L’entretien d’une caserne parisienne a été confié à une entreprise dont le patron ferait l’objet d’une « fiche S »

Alors qu’un récent rapport du Sénat a fait état d’actions de « reconnaissance des emprises militaires par des individus aux motivations présentant un risque » [terroriste] encore « très fréquentes », le Canard Enchaîné vient de lancer un pavé dans la mare.

En effet, dans son édition du 4 décembre, l’hebdomadaire affirme que, pour assurer l’entretien d’une caserne du XIIIe arrondissement de Paris, qui sert de lieu d’hébergement aux militaires célibataires, le ministère des Armées a attribué un marché d’une valeur de près de 73.000 euros [HT] sur 19 mois à une entreprise de nettoyage dont le dirigeant avait été « fiché S » en raison de sa proximité avec la mouvance jihadiste.
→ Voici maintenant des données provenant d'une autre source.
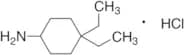 4,4-Diethylcyclohexan-1-amine Hydrochloride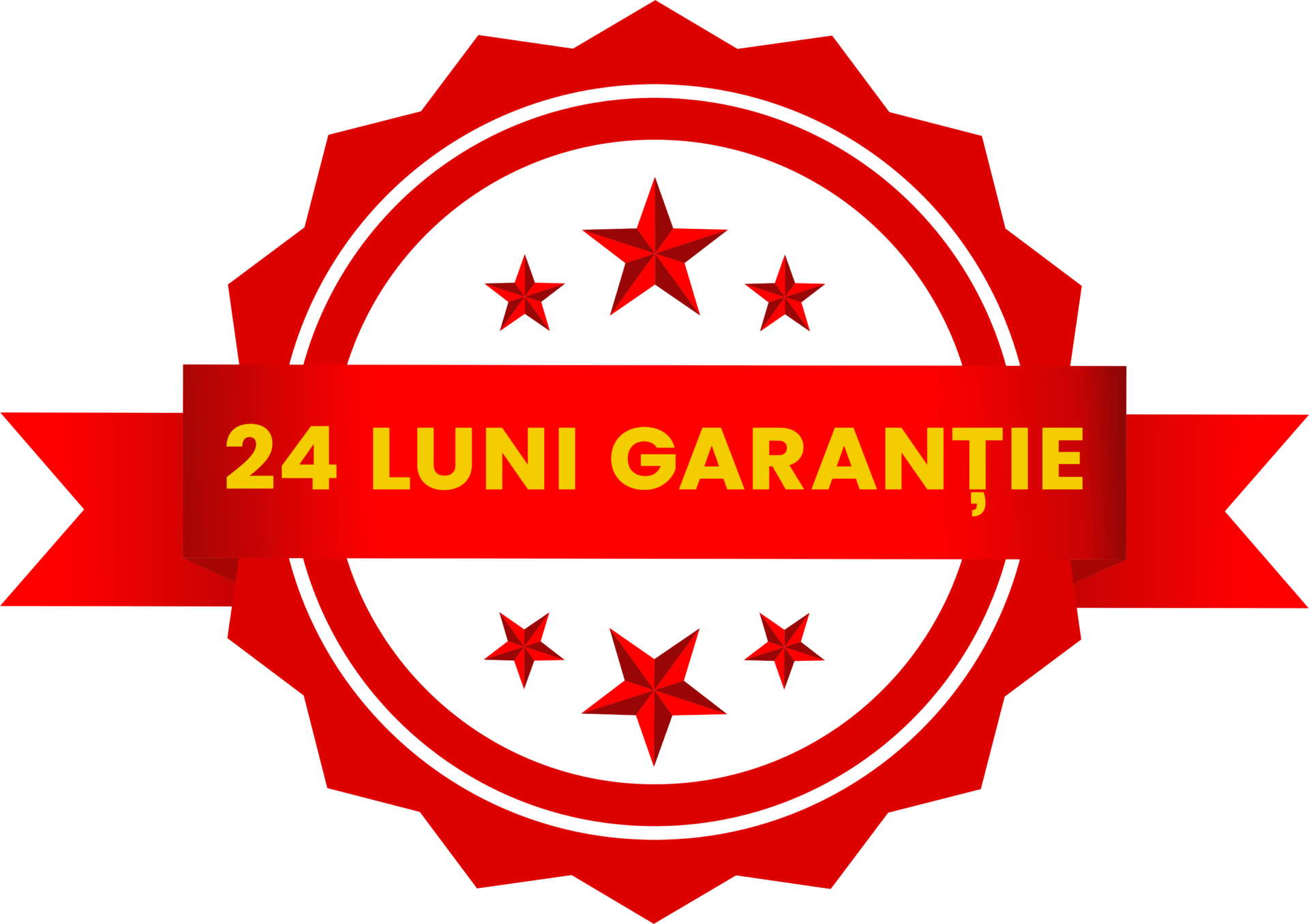 24 luni garanție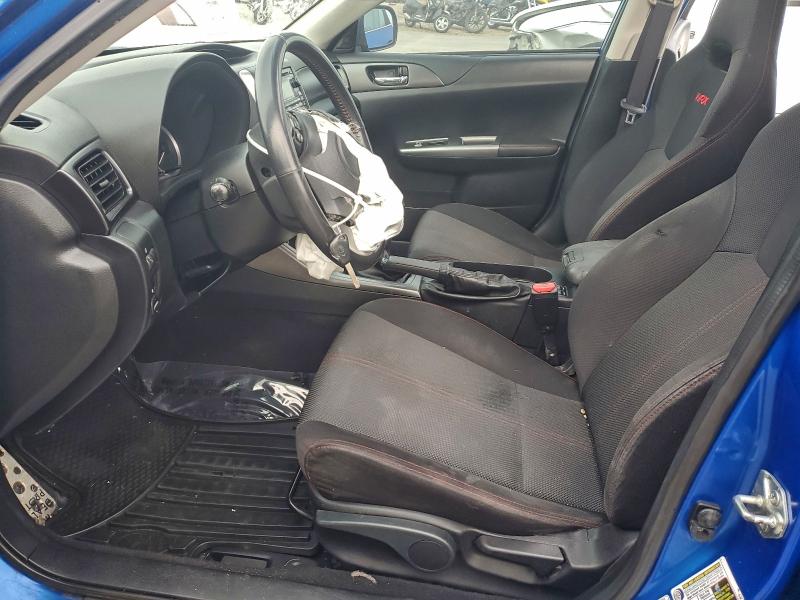 Снимка 7 от търг – 2011 SUBARU IMPREZA WR с VIN JF1GV7F62BG519801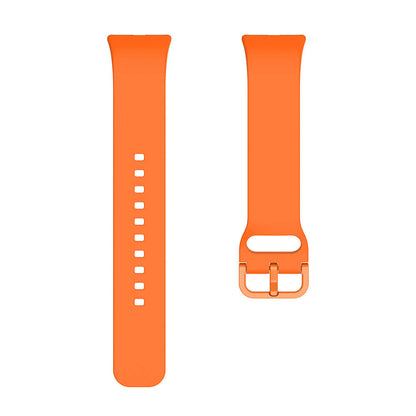 Galaxy Fit 3 Silikon Kordon Zore KRD-110 Strap Kayış Koyu Yeşil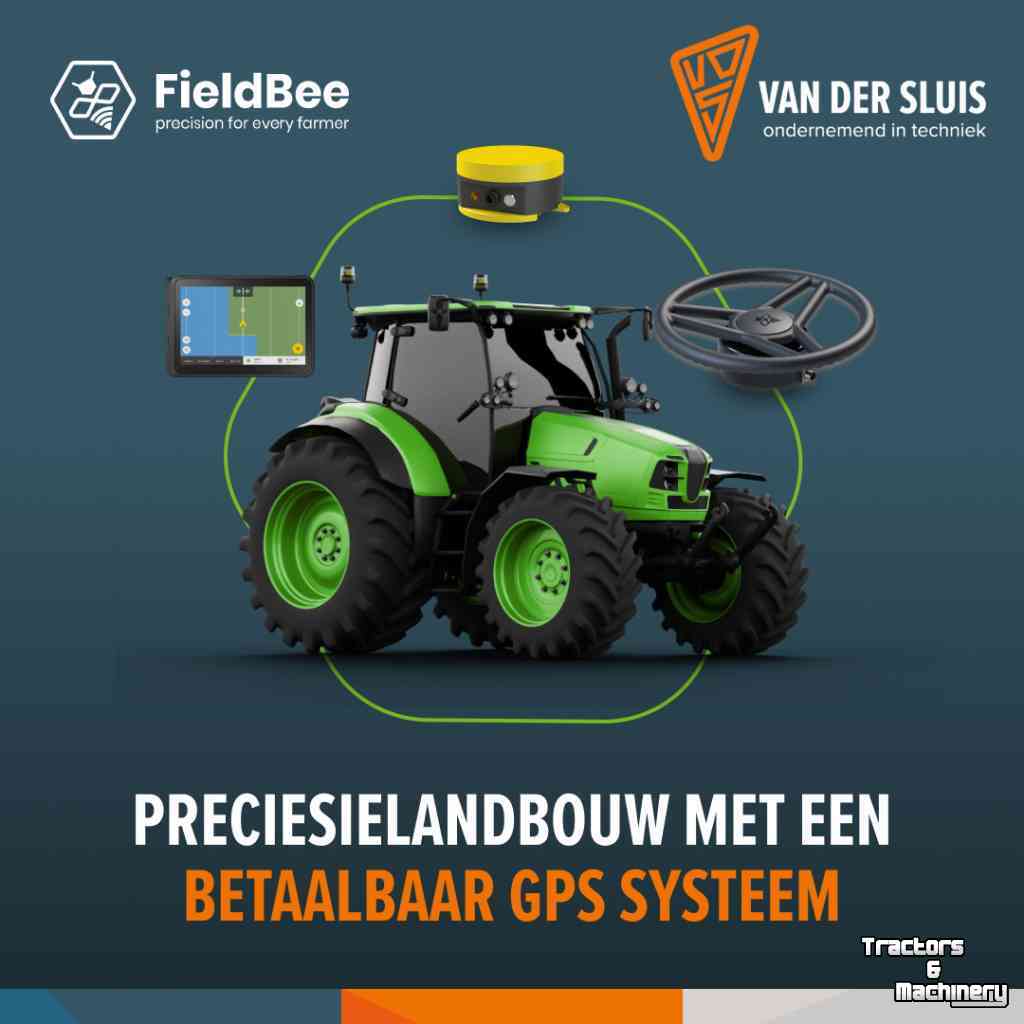 GPS Lenksystemen und Zubehör  FieldBee GPS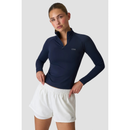 ICIW Define Seamless 1/4 Zip Midnight Blue
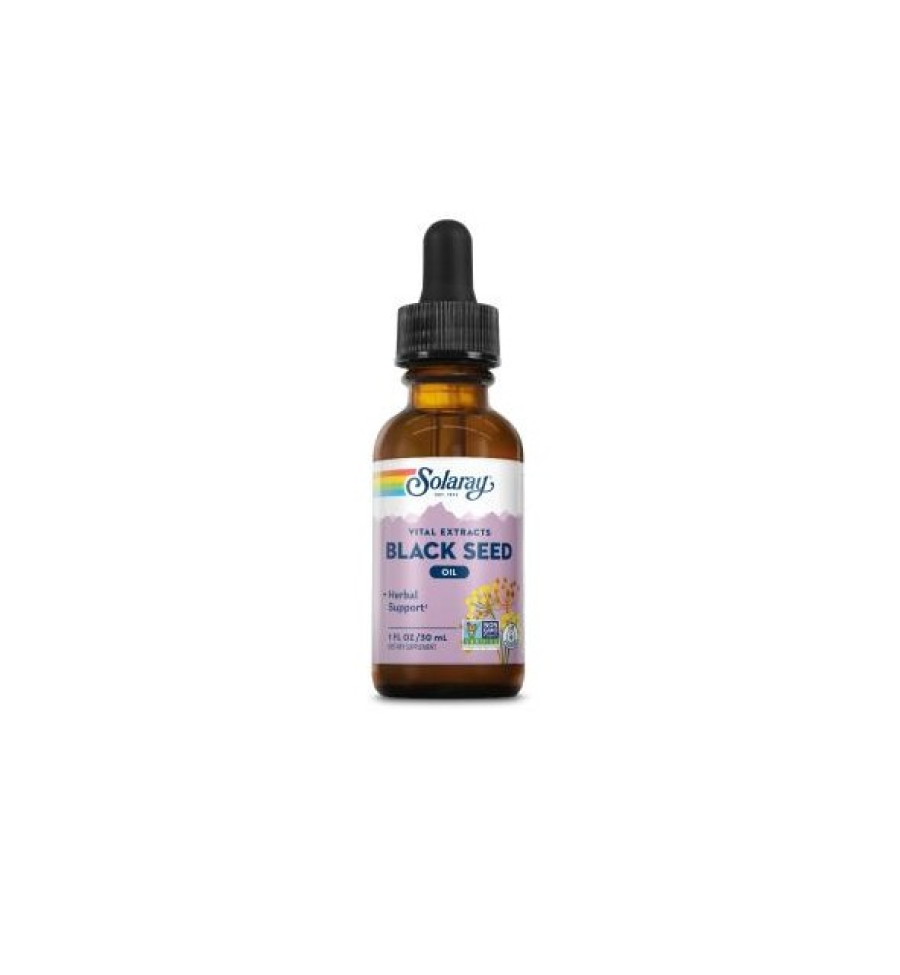 Comino Negro Black Seed 30Ml - Solaray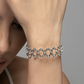 Silver Flexible Bracelet Ring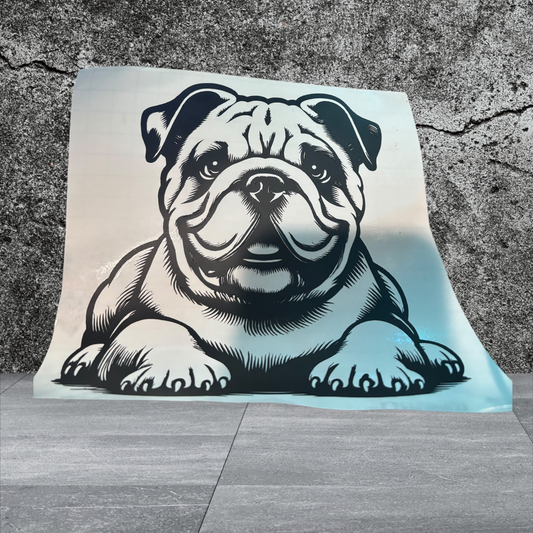 Bulldog Decal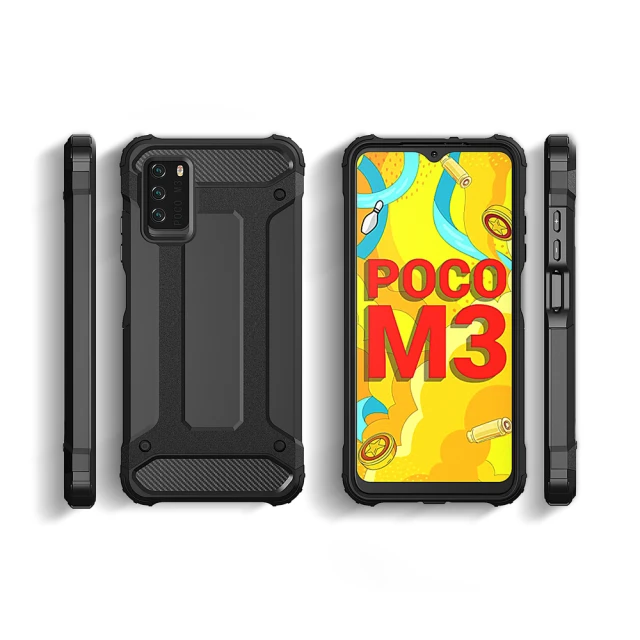 Чохол HRT Hybrid Armor для Xiaomi Redmi Note 10 5G/Poco M3 Pro Gold (9111201944282)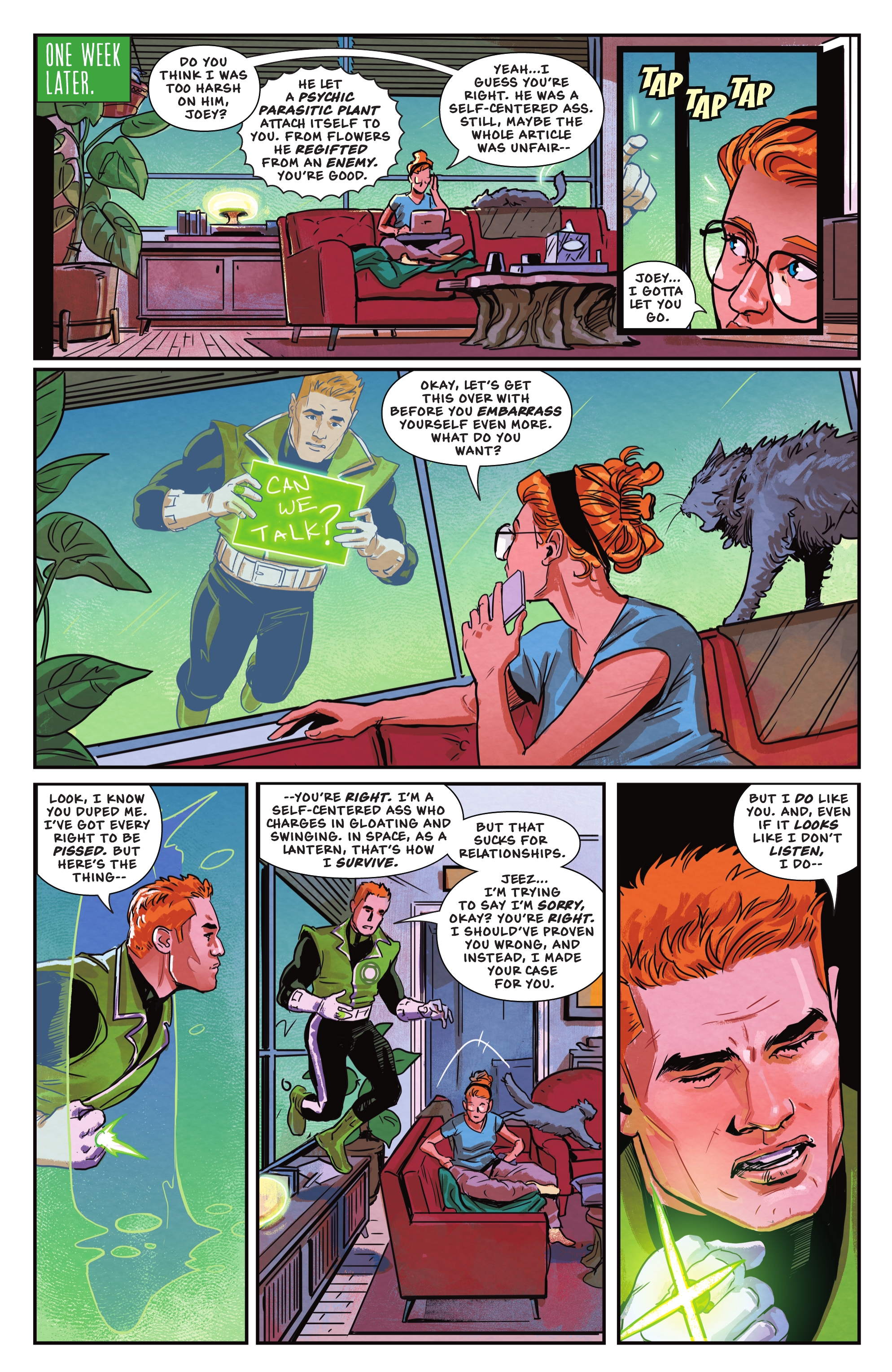 Read online DC's How to Lose a Guy Gardner in 10 Days comic -  Issue # TPB - 11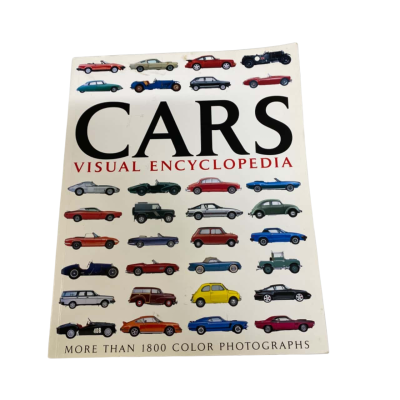 Cars visual encyclopaedia 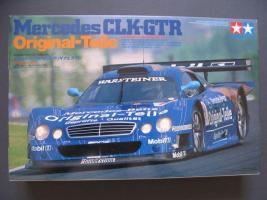 Mercedes-Benz CLK-GTR Team Original-Teile
(Zag)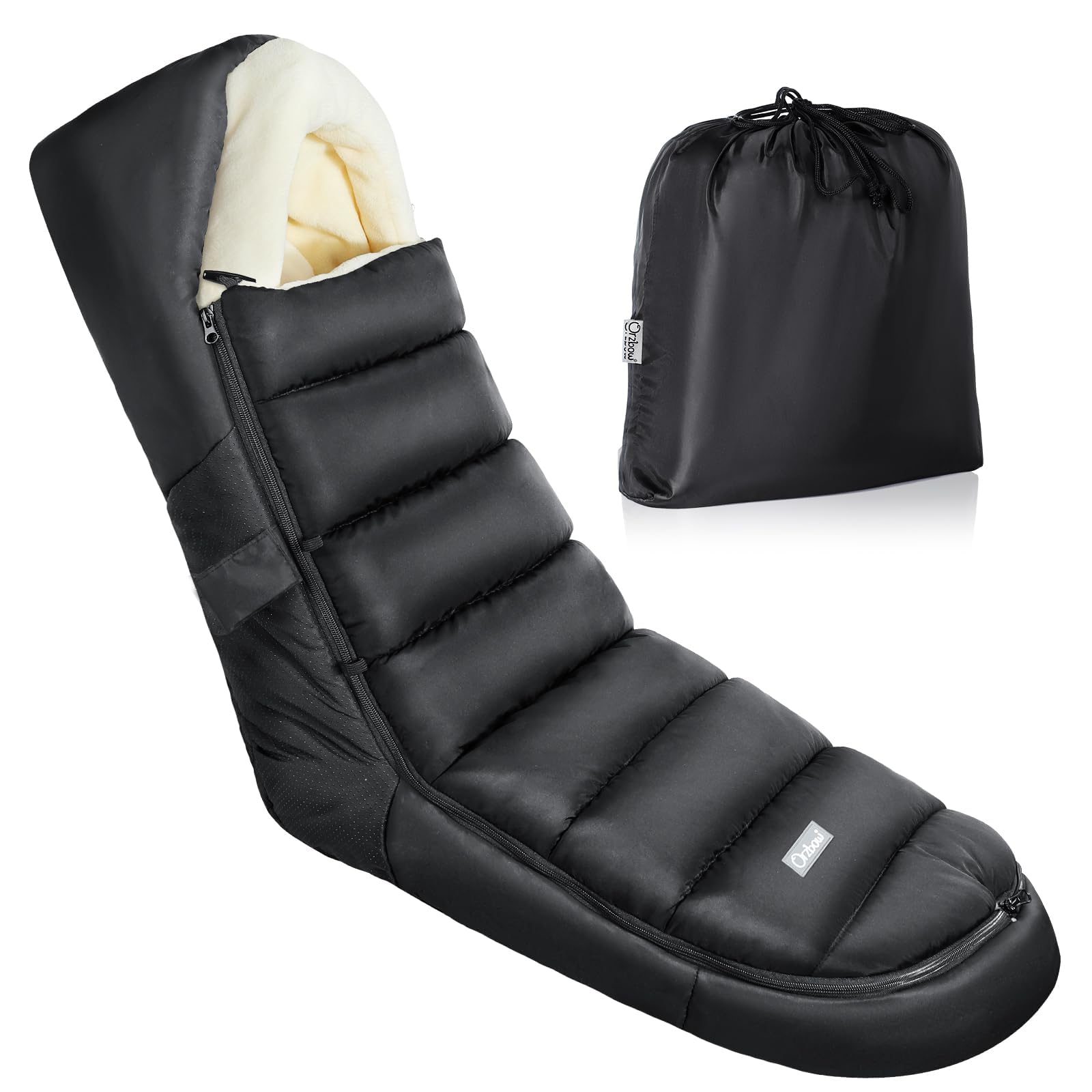 Orzbow Sacco Passeggino Invernale Universale Impermeabile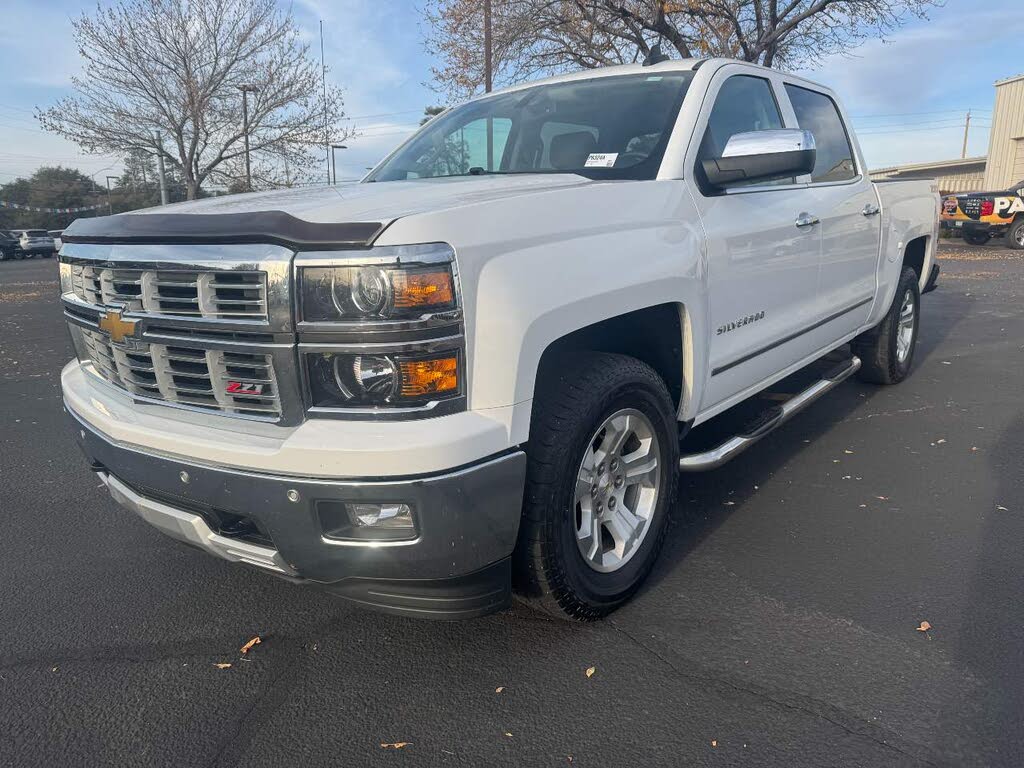 2015 Chevrolet Silverado 1500 LTZ Crew Cab 4WD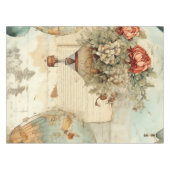 heteluchtballon in een sereen landschap (3) tafelkleed (Voorkant (Horizontaal))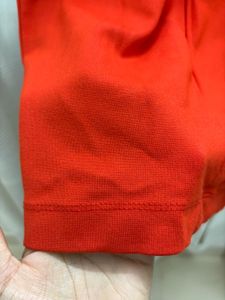 Red Fitted Midi Dress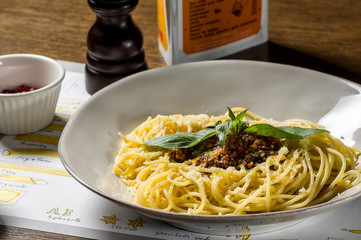 Спагетти Болоньезе
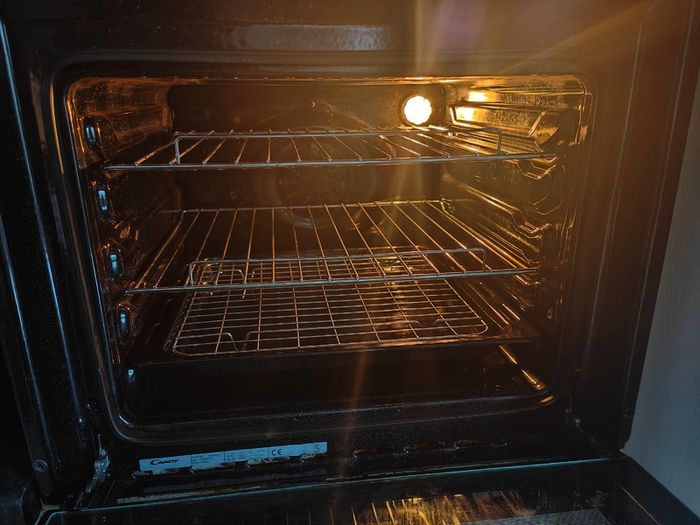 Candy built in oven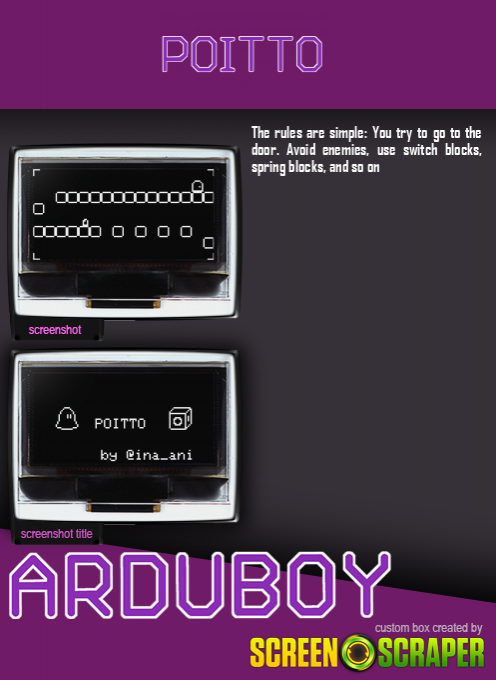 Poitto — box-2D-back (SS)
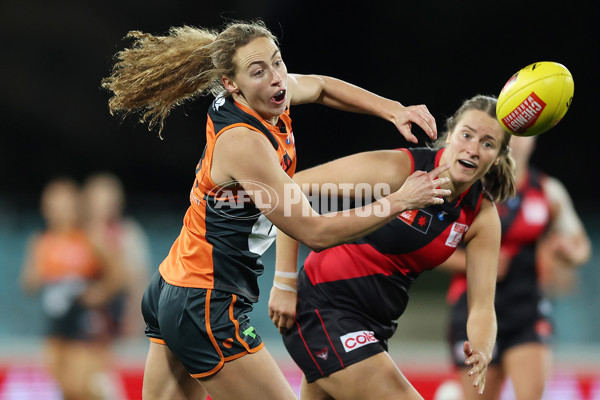 AFLW 2025 Round 01 - GWS v Essendon - A-61429225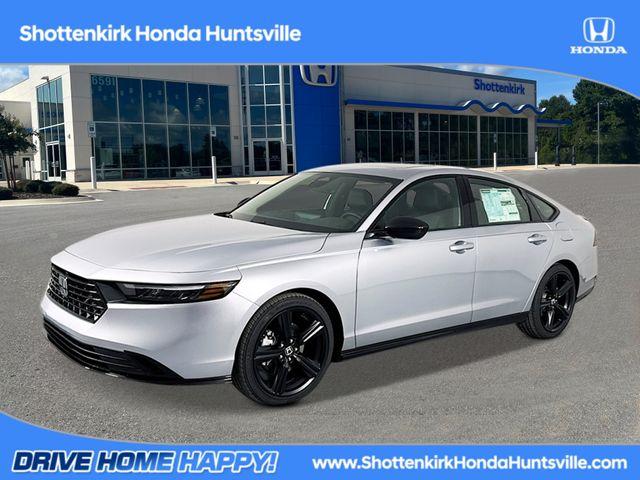 New 2026 Honda Accord Hybrid Sport-L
Et cela, quelques jours après l’attaque au couteau commise à la Préfecture de police de Paris par un agent radicalisé.

Or, cela n’a pas échappé à la Direction générale de la sécurité intérieure [DGSI]. « À quoi bon s’embêter à répertorier et à surveiller les radicalisés, pour notamment s’assurer qu’ils n’ont pas accès à des informations sensibles, si les autres administrations se foutent de notre travail? », s’interroge l’un de ses agents dans les colonnes du Canard Enchaîné.

Pour rappel, constituant une catégorie de mesures de recherches au sein du fichier des personnes recherchées [FPR], les fiches « S » [S pour « Sûreté de l’État »] ne concernent pas les seuls individus de la mouvance islamiste radicale.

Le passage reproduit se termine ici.